Work task. Locate "Other Verse Blue" in the records below, then copy its line and every following line exactly, without the pictures.

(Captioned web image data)
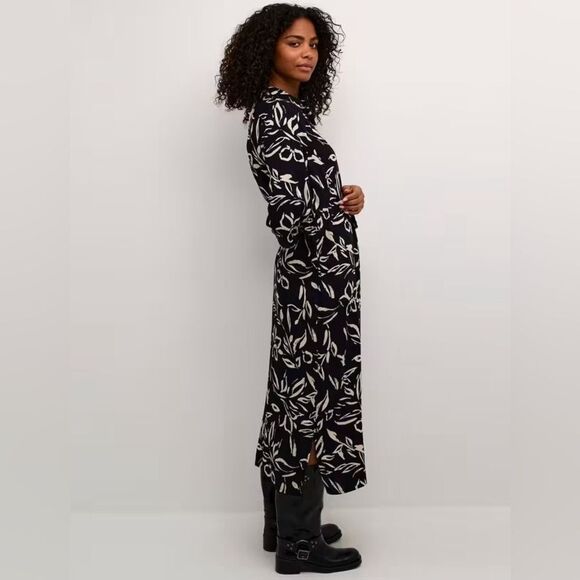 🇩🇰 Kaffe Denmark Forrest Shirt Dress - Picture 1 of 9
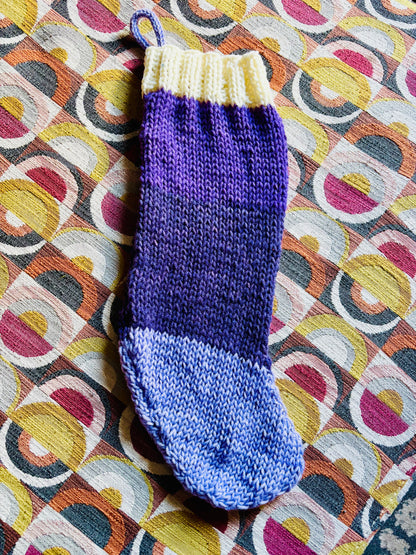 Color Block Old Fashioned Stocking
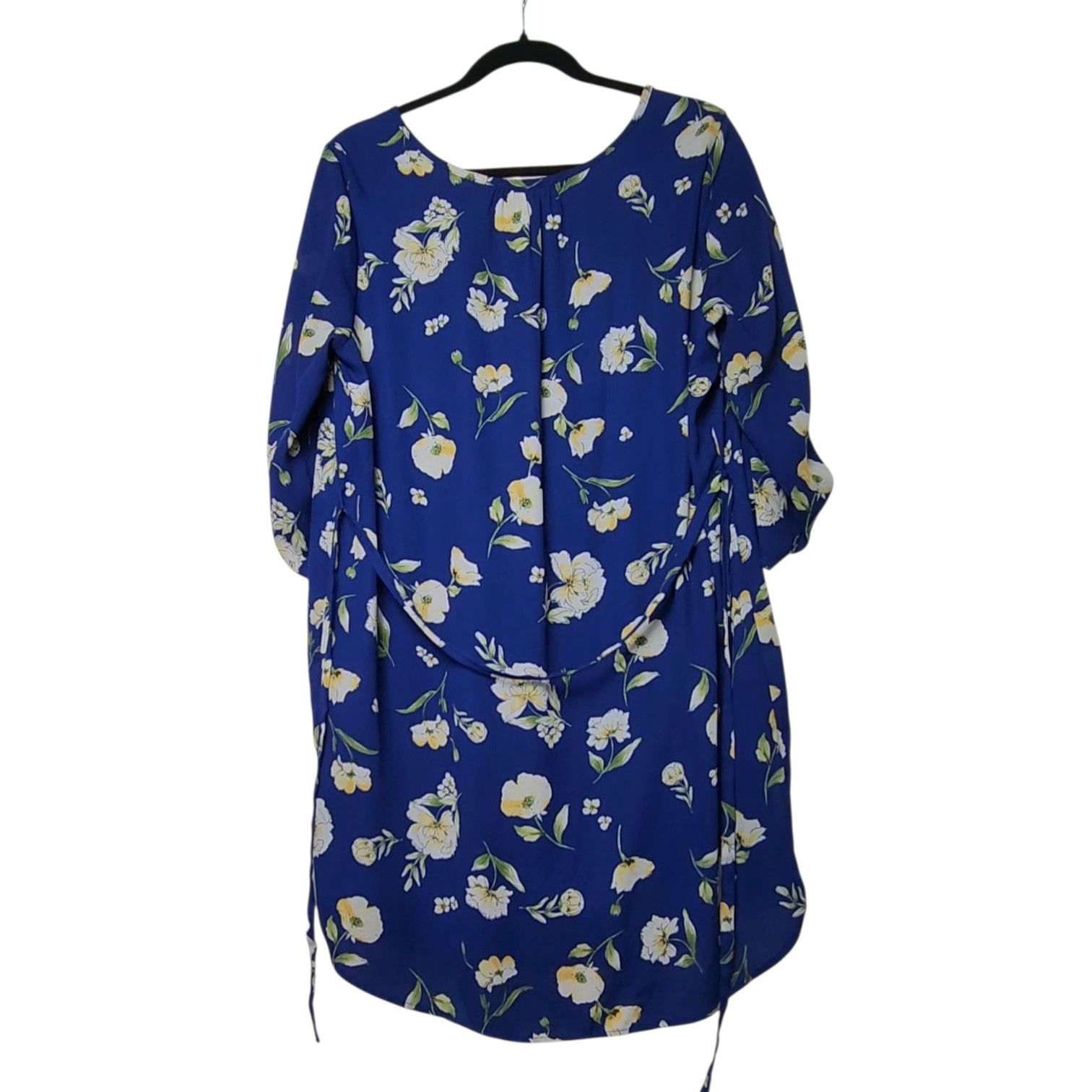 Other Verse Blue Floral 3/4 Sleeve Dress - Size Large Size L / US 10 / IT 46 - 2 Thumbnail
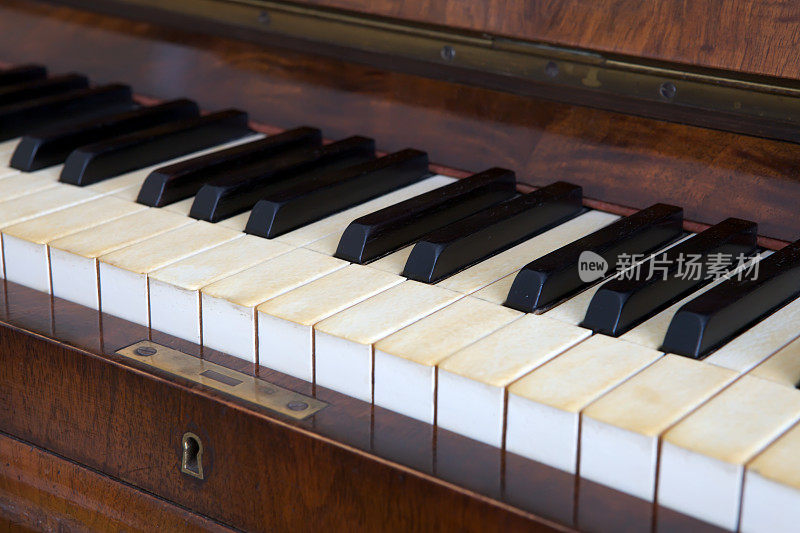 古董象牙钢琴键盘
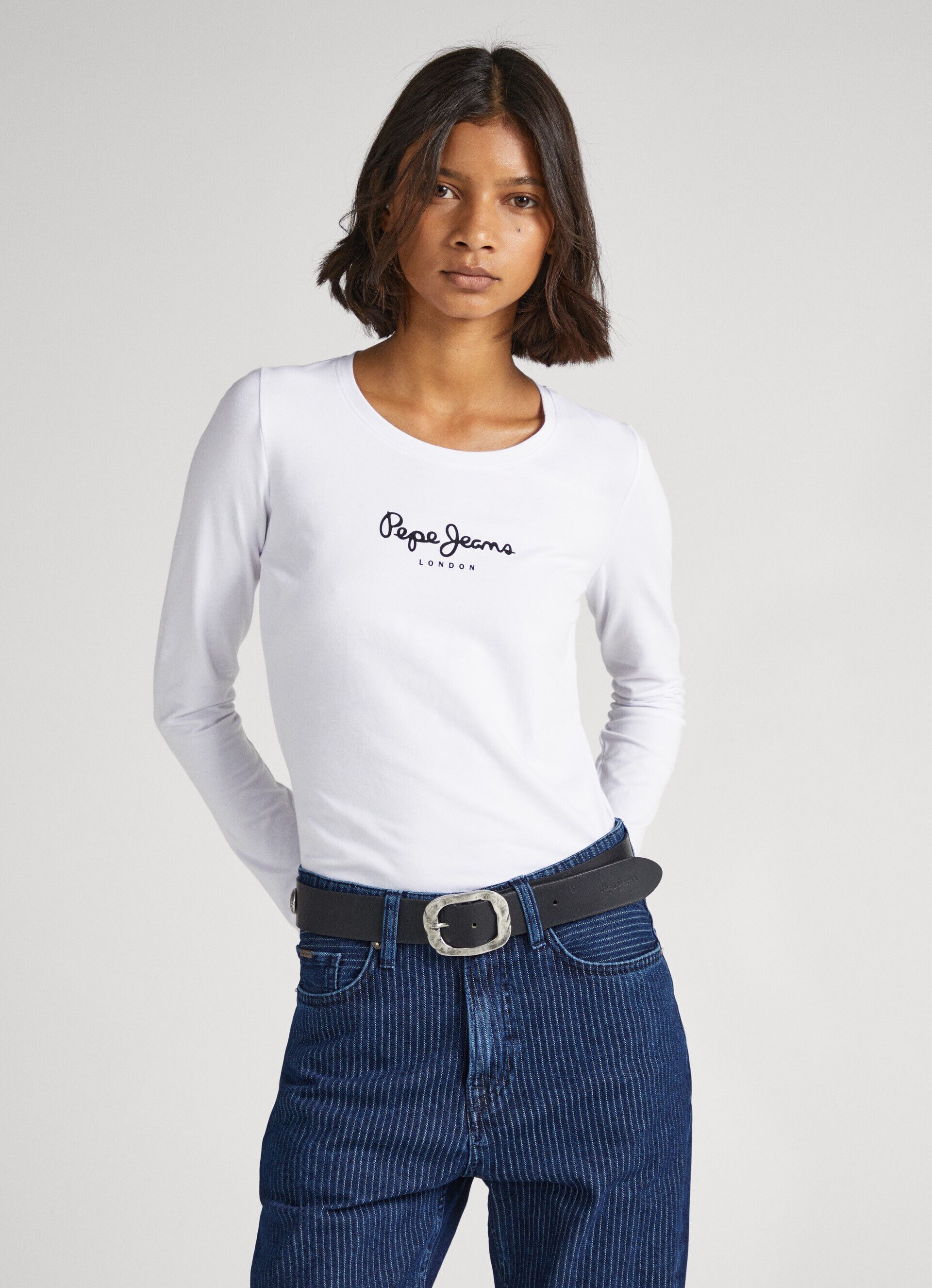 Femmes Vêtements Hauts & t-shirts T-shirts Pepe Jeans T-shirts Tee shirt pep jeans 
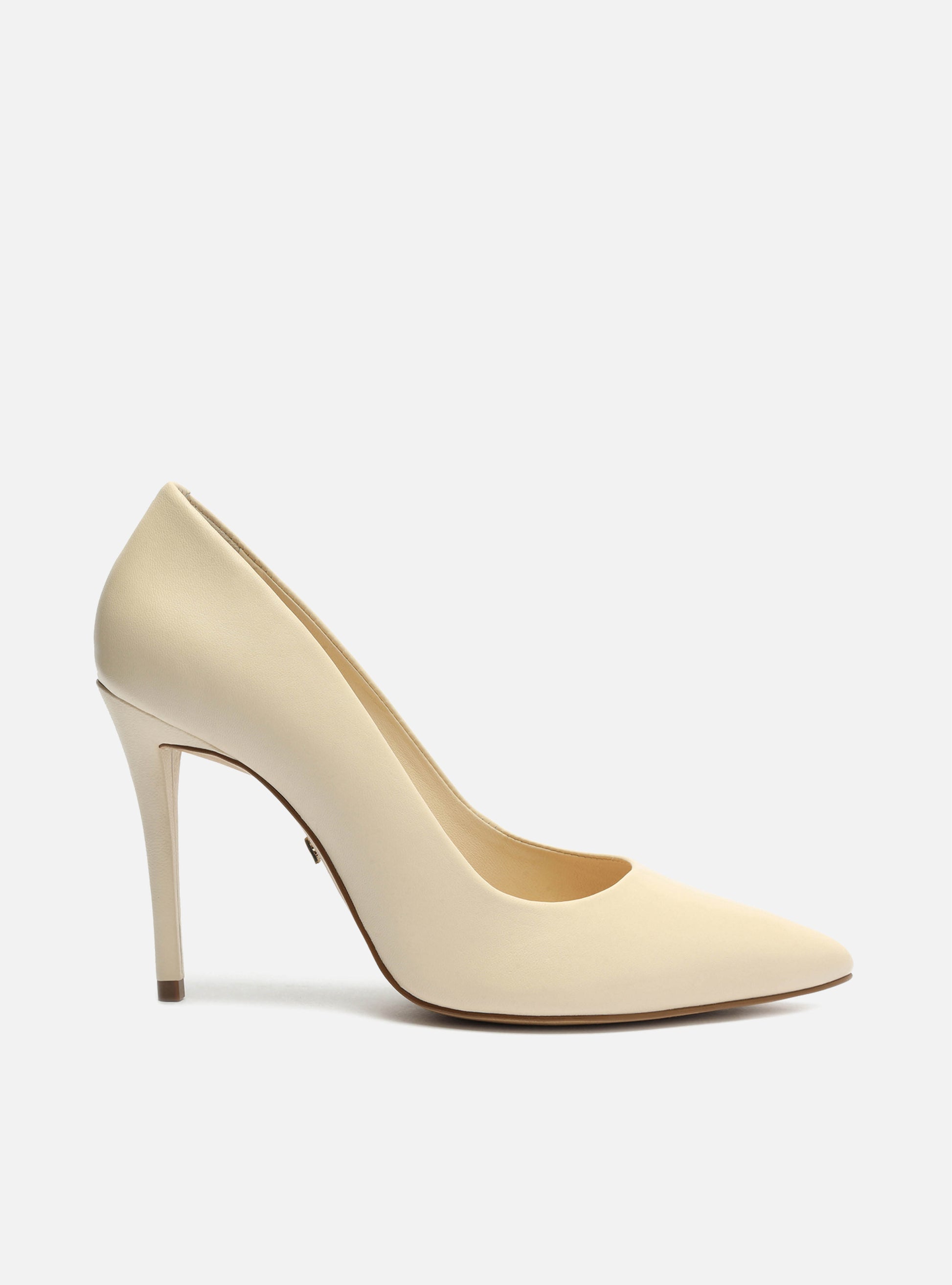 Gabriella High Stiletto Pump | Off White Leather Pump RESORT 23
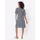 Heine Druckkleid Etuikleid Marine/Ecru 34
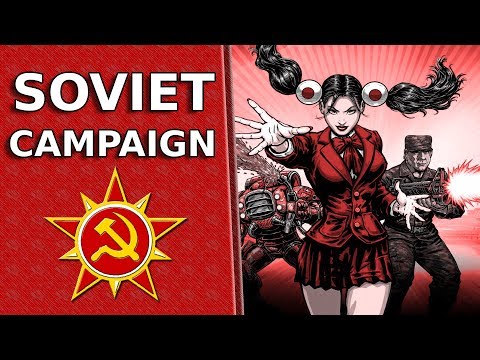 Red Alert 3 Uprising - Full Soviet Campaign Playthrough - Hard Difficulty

Answer for the task.
 Other Verse Blue Floral 3/4 Sleeve Dress - Size Large Size L / US 10 / IT 46 - 2 Thumbnail
 古董象牙钢琴键盘
 Femmes Vêtements Hauts & t-shirts T-shirts Pepe Jeans T-shirts Tee shirt pep jeans 
 Gabriella High Stiletto Pump | Off White Leather Pump RESORT 23
 Heine Druckkleid Etuikleid Marine/Ecru 34
 Red Alert 3 Uprising - Full Soviet Campaign Playthrough - Hard Difficulty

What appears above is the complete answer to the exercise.